Methods: This was a retrospective study of 60 patients with CBFT who underwent surgical and conservative treatment. The patients' clinicopathological features, imaging examination findings, treatment strategy, and prognosis were analyzed. The surgical grade, blood loss, tumor size, operative time, and postoperative complications were analyzed by Spearman's correlation.

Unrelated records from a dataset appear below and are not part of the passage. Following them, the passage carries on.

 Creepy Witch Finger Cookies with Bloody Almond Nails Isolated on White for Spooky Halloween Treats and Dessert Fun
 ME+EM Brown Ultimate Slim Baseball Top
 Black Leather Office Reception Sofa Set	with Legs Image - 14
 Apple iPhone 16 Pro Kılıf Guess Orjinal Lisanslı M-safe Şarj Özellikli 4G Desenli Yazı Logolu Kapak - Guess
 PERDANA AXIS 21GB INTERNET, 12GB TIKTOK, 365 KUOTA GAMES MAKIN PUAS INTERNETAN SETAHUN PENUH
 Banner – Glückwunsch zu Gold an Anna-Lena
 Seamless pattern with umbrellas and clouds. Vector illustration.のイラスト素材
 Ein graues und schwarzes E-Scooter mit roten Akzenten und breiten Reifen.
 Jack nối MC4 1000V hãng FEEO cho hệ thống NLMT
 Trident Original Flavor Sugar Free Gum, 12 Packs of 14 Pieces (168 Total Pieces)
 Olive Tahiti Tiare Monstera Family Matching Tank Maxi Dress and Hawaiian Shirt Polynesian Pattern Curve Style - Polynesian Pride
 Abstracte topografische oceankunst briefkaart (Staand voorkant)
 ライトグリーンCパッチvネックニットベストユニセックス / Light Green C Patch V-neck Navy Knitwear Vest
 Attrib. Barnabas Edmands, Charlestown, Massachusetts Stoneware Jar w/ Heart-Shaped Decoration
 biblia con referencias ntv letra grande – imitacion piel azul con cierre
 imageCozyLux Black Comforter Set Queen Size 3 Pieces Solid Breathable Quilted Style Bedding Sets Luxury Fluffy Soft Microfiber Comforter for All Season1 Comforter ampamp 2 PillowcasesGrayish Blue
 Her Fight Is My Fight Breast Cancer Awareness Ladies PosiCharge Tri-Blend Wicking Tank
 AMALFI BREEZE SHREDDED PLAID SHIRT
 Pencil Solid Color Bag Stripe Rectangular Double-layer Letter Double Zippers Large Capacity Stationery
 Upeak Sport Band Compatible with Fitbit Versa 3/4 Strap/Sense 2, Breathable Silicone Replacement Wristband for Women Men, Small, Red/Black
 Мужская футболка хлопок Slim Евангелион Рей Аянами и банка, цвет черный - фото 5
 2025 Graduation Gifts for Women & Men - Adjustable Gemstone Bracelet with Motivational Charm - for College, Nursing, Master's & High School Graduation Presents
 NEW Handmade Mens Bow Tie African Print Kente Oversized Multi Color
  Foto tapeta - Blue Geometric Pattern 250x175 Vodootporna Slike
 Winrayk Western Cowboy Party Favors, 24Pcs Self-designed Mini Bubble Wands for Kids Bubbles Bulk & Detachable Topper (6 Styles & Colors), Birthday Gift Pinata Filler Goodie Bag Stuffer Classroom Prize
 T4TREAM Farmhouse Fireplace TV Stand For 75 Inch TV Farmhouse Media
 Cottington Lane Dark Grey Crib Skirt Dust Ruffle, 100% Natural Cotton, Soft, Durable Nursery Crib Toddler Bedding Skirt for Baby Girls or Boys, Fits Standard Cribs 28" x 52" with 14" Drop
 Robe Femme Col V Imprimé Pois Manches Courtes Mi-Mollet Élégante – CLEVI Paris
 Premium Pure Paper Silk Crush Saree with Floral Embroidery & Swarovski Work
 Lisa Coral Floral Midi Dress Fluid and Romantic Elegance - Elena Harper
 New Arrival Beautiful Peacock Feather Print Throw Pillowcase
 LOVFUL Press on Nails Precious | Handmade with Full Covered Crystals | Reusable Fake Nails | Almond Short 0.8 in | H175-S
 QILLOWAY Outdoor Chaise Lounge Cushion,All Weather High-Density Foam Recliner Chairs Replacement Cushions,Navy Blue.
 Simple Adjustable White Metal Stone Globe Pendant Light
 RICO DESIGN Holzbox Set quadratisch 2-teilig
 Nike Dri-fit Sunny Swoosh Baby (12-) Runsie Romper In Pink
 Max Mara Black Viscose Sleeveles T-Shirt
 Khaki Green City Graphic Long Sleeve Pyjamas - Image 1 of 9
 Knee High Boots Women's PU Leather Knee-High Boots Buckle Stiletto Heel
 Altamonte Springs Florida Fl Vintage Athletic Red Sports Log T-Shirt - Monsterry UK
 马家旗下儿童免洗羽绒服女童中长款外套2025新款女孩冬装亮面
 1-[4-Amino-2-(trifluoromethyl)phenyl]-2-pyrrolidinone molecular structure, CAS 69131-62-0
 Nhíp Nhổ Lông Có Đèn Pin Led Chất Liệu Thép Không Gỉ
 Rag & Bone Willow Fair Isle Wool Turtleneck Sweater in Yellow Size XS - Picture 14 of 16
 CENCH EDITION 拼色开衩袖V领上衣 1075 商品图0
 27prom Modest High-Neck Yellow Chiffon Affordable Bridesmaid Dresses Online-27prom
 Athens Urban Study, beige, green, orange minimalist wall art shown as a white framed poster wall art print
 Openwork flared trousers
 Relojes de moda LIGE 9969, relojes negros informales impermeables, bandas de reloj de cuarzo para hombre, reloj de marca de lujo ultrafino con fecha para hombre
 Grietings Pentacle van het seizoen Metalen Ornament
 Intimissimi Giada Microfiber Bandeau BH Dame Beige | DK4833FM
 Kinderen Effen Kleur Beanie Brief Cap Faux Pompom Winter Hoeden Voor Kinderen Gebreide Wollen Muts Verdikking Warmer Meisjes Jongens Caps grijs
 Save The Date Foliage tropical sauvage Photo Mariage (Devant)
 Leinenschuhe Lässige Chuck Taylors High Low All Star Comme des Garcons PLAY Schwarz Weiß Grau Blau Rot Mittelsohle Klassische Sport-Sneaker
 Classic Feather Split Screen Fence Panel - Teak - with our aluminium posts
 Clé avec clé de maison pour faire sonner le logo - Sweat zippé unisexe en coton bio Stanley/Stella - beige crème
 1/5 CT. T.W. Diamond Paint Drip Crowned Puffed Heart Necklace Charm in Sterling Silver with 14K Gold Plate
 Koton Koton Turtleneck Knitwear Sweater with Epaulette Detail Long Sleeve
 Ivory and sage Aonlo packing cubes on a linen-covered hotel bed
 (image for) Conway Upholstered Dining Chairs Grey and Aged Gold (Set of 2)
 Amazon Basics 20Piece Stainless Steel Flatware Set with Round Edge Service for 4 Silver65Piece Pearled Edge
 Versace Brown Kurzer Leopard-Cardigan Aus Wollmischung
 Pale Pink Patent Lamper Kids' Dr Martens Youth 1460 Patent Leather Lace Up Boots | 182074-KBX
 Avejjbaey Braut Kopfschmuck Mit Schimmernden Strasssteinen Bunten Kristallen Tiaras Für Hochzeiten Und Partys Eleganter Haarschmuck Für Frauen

Results: Resection was performed in 52 patients with 53 tumors. The mean tumor volume, operative time, estimated blood loss, and follow-up time was 47.62 ± 65.28 cm, 176.1 ± 86.55 minutes, 231.3 ± 354.0 mL, and 44.42 ± 29.30 months, respectively. Pathological examination showed that the number of carotid body tumors (CBT; paraganglioma), neurilemmoma, mesenchymal tissue tumor, and angioleiomyoma was 42, 8, 1, and 1, respectively. Of the CBT group, the rate of Shamblin Type I, II, and III was 11.9%, 59.5%, and 28.6%, and three cases were malignant CBT with lymph node metastasis. Spearman's correlation analysis showed that complication grade was significantly related to surgical difficulty grade and operative time.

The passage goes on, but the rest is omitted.